From the records that follow, return exactly the lines beginning at the one that contains "Calvin Klein Mens" and ending at the one that contains "Cabinet dedicated power outlet", pictures left out.

Supplied information.
========================================

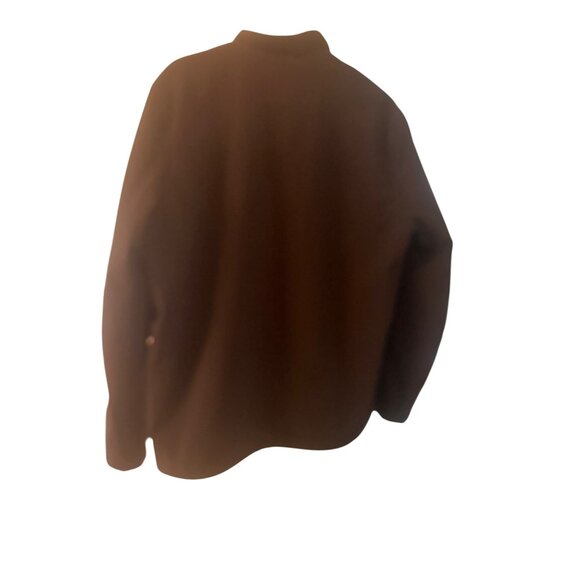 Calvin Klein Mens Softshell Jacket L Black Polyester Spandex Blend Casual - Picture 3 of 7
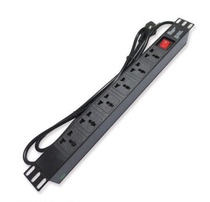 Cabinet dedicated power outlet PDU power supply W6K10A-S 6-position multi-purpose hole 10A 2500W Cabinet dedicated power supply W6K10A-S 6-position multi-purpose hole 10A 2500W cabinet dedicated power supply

========================================

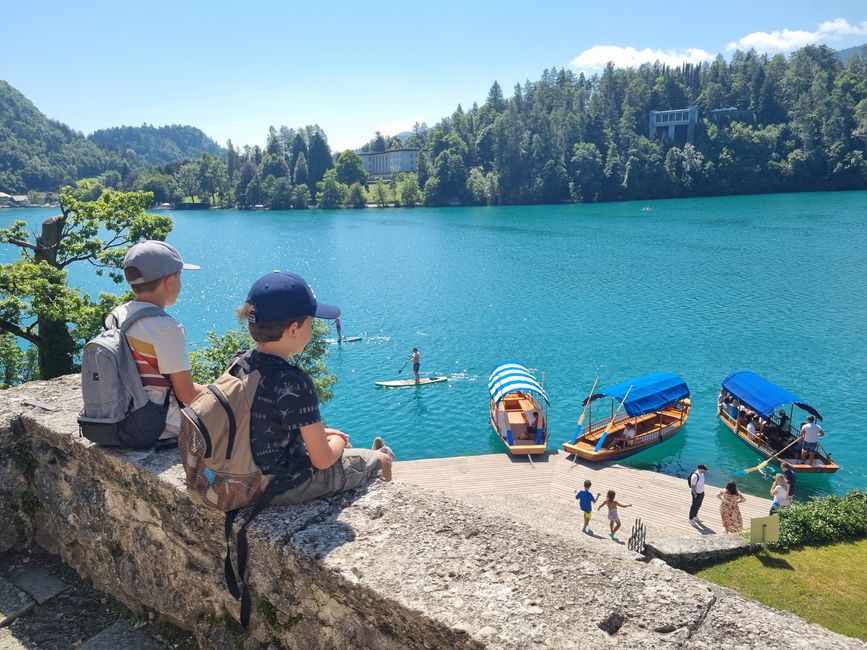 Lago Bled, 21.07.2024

========================================

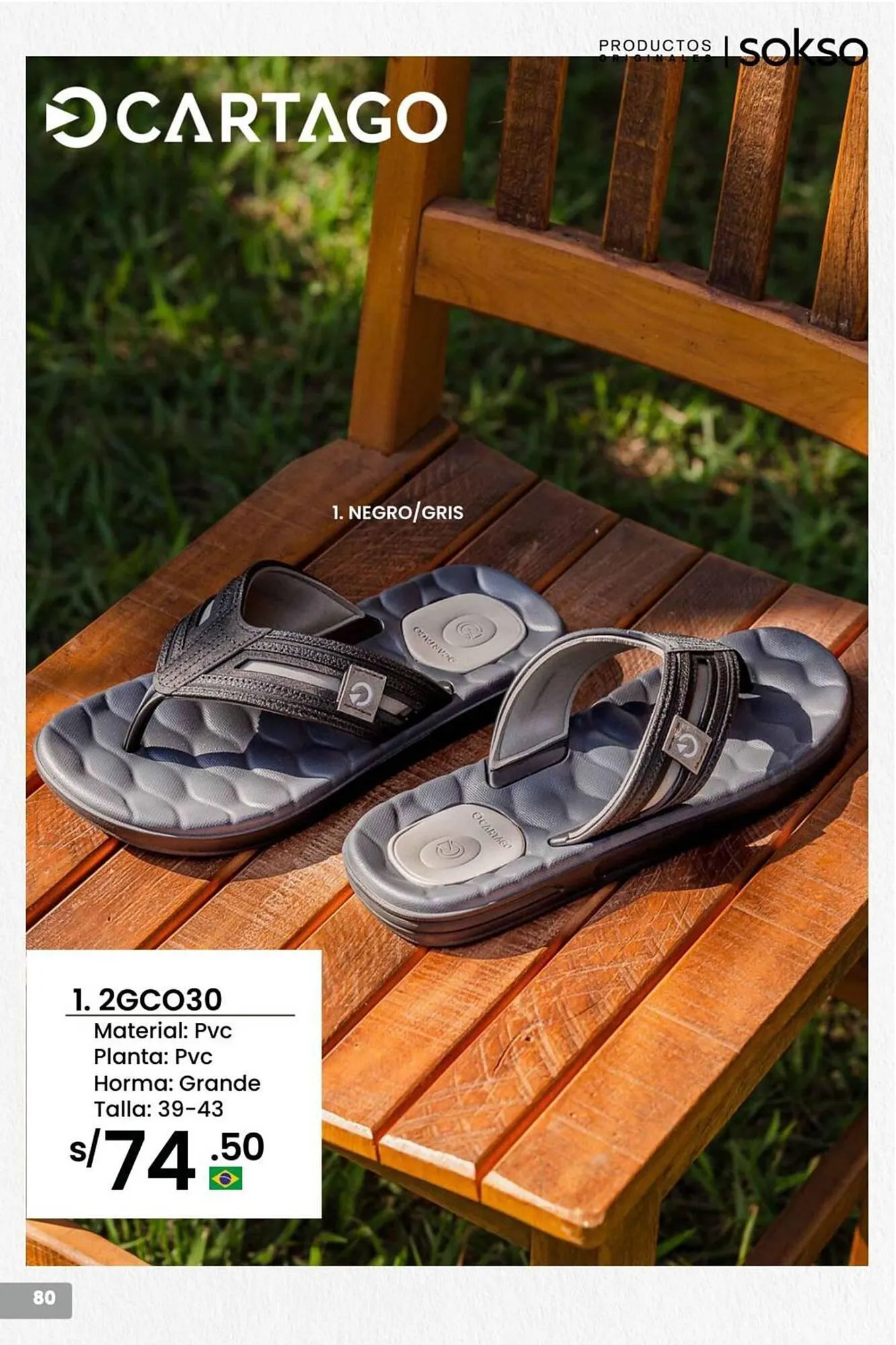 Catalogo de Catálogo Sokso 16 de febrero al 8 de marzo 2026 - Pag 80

========================================

Response to this exercise.
 Calvin Klein Mens Softshell Jacket L Black Polyester Spandex Blend Casual - Picture 3 of 7
 Cabinet dedicated power outlet PDU power supply W6K10A-S 6-position multi-purpose hole 10A 2500W Cabinet dedicated power supply W6K10A-S 6-position multi-purpose hole 10A 2500W cabinet dedicated power supply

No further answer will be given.